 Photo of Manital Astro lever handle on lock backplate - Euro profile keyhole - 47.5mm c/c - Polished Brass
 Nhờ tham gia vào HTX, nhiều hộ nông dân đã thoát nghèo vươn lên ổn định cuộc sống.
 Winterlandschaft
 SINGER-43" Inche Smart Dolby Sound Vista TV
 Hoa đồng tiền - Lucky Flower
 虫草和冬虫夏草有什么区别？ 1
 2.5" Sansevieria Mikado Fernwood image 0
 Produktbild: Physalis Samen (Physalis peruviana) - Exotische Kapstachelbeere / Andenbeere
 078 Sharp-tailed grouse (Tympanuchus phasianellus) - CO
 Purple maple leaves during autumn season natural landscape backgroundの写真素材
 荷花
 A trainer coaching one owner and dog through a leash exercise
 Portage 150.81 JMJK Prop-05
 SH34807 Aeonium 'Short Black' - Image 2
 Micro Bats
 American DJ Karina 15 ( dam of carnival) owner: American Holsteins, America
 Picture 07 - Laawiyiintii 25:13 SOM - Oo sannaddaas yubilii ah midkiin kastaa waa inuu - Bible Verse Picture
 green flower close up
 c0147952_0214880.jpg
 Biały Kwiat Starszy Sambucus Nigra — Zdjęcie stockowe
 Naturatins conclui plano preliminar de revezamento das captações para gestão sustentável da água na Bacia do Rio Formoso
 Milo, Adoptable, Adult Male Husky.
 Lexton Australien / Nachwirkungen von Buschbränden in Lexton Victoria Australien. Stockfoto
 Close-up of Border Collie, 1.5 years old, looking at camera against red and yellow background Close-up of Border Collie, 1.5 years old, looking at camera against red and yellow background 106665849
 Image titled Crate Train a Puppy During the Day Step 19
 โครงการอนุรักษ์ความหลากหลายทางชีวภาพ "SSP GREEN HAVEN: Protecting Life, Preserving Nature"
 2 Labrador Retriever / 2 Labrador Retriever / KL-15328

* Action item:
Copy out each line of the records where the word "owner" appears.

* Completed exercise:
 A trainer coaching one owner and dog through a leash exercise
 American DJ Karina 15 ( dam of carnival) owner: American Holsteins, America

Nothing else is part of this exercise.